Task goal: Produce a verbatim copy of the data below that contains no pictures.

Data provided:
============================================================
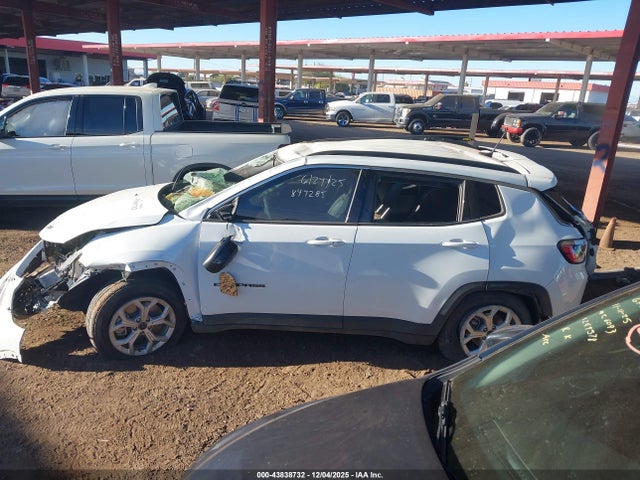Jeep Compass Latitude 4x4 2025 3C4NJDBN5ST536404 Image 14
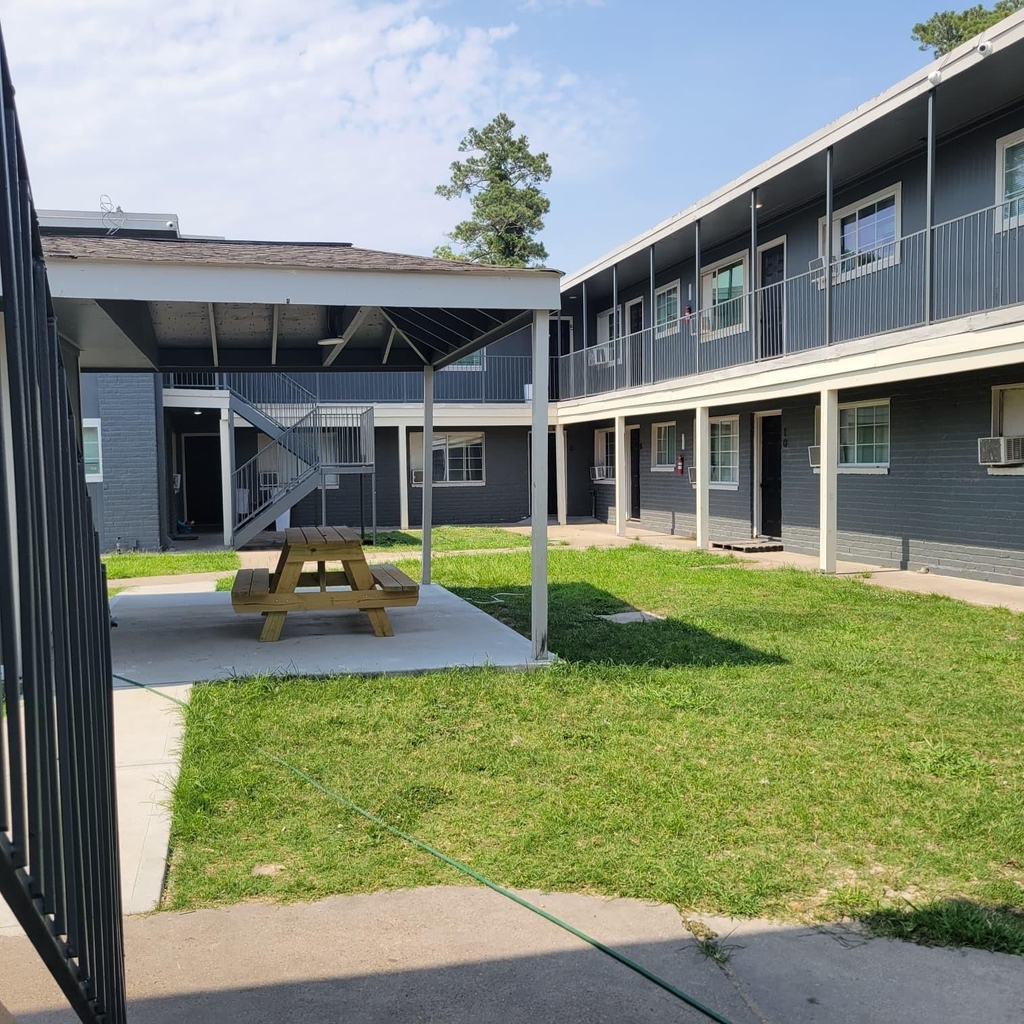 4525 Weaver - Photo 2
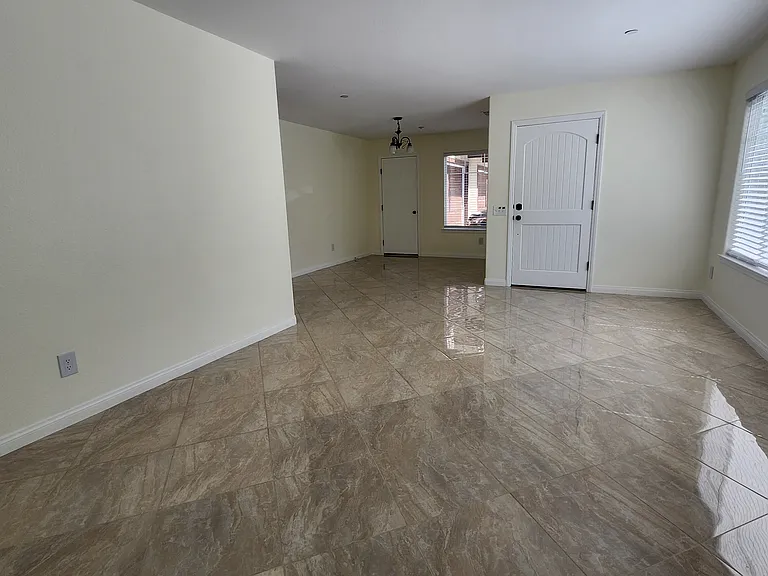 3843 Cassini Cir #4 — Photo 4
============================================================
Result for this exercise:
Jeep Compass Latitude 4x4 2025 3C4NJDBN5ST536404 Image 14
 4525 Weaver - Photo 2
 3843 Cassini Cir #4 — Photo 4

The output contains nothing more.